Usnavi's young cousin Sonny (Gregory Diaz IV, Vampires vs The Bronx) also pines for a different path, as does salon owner and local mainstay Daniela (Daphne Rubin-Vega, Katy Keen). Some of In the Heights' sueñitos are big and bold, while others value beauty in the everyday — such as the resolve to seek dignity in minutiae that drives neighbourhood Abuela Claudia (Olga Merediz, reprising her role from the stage). One of the things that's so entrancing about the film's narrative, which Pulitzer Prize-winning playwright Quiara Alegría Hudes adapts from her own stage efforts with Miranda, is the textured snapshot it builds by flitting between different Heights residents. Not just through its lively and heartfelt songs, but also via its energetic and loving lensing, it scratches away at their hopes and desires, chronicling how they're toiling, trying and persisting day in, day out. Miranda and Hudes don't shy away from the struggles faced by Usnavi and his friends, of course, or from the ups and downs in life that come for us all. But character by character, they build a vision of heart and hope in one very specific place, as aided by Chu putting his past experience directing Step Up: 2 the Streets and Step Up 3D to exceptional use.

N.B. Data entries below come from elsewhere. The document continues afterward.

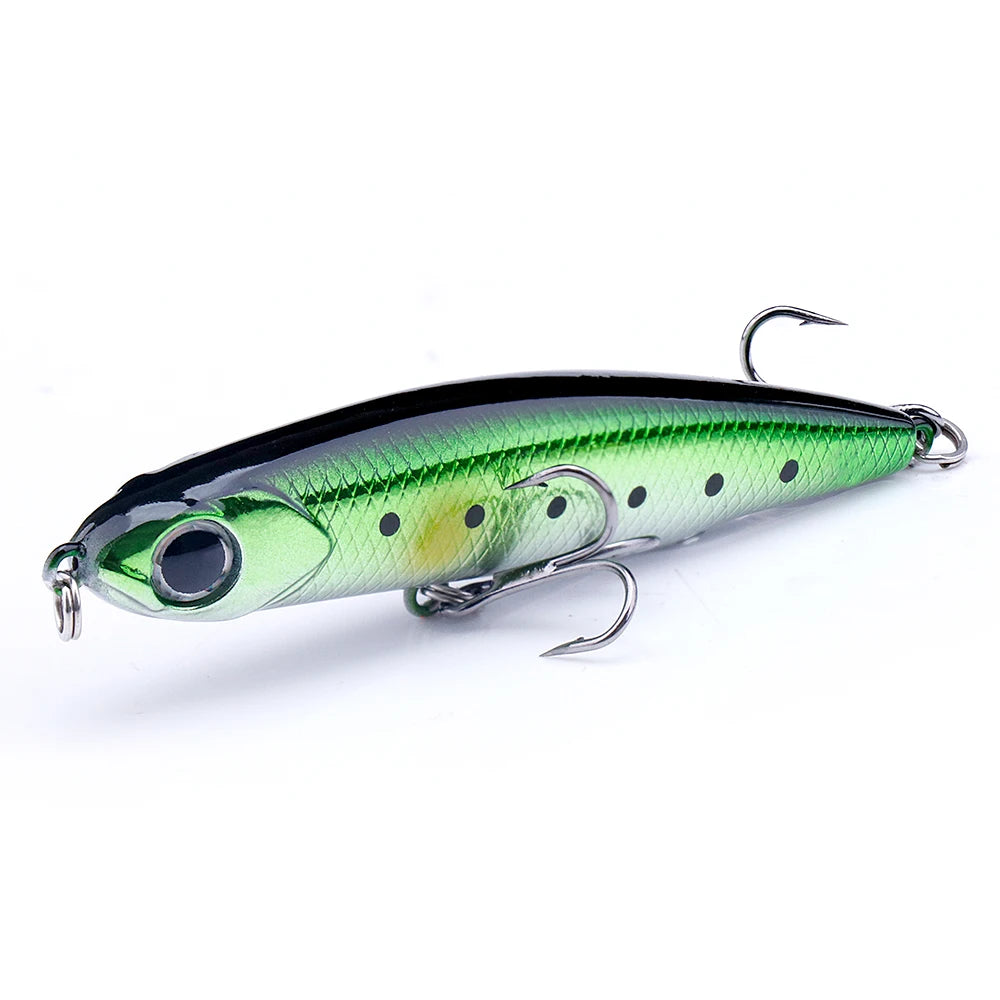 VTAVTA Sinking Pencil Wobbler Fishing Lure 3g/8g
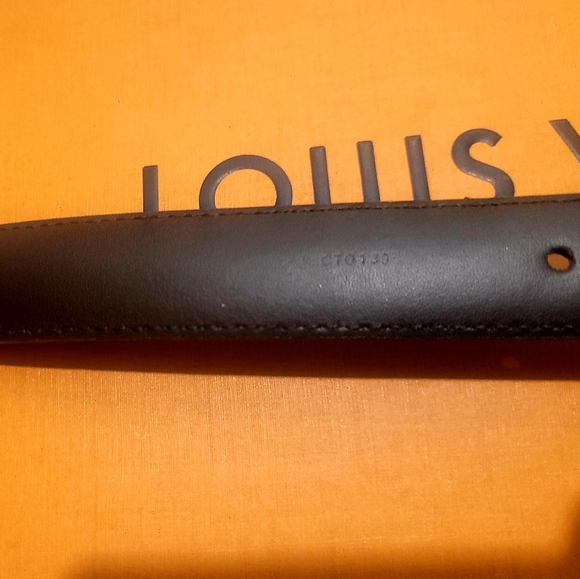 Louis Vuitton LV Belt, 85 / 34 - Picture 6 of 8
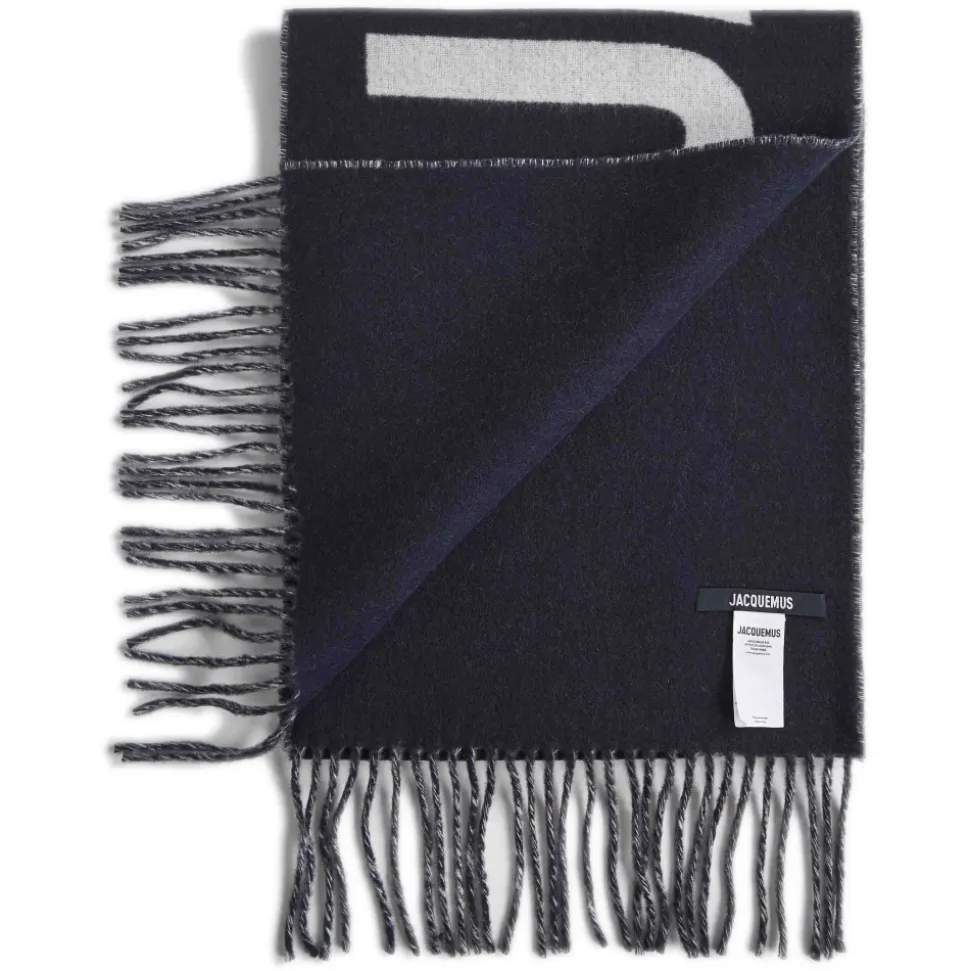 Fringe Logo Scarf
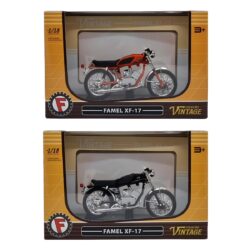 MAISTO Mota Zundapp Famel XF-17 1:18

In the Heights isn't just about dreams — it's also dreamy. Some of its musical numbers literally climb the walls with jubilation, or evocatively peer back in time, and it's just like stepping into Usnavi, Claudia and company's fantasies, emotions and memories with them. The grounding factor, other than the passion in every word, and the issues such as gentrification, economic inequality, racism and oppressive immigration policy that get pushed to the fore: Chu's phenomenal cast. Taking over the role that Miranda earned a Tony nomination for, Ramos is a dream, fittingly. His performance is so warm and engaging that hanging on his every rapped syllable is just part of the experience. He's surrounded by just-as-impressive co-stars, spanning the spectrum from Grace's simmering resolve and Barrera's pluck to Stephanie Beatriz's (Brooklyn Nine-Nine) scene-stealing supporting turn as a salon co-owner— and a singing and dancing Smits, too, as well as Miranda as a piragua cart vendor. The cinematic reverie they're all in isn't quite perfect, as its pacing often signals, but neither is any genuine dream. The best fantasies are always intoxicating, invigorating, impassioned and infectious, however, and truly mean something. In the Heights ticks all those boxes, and also finds time for a delightful Hamilton reference.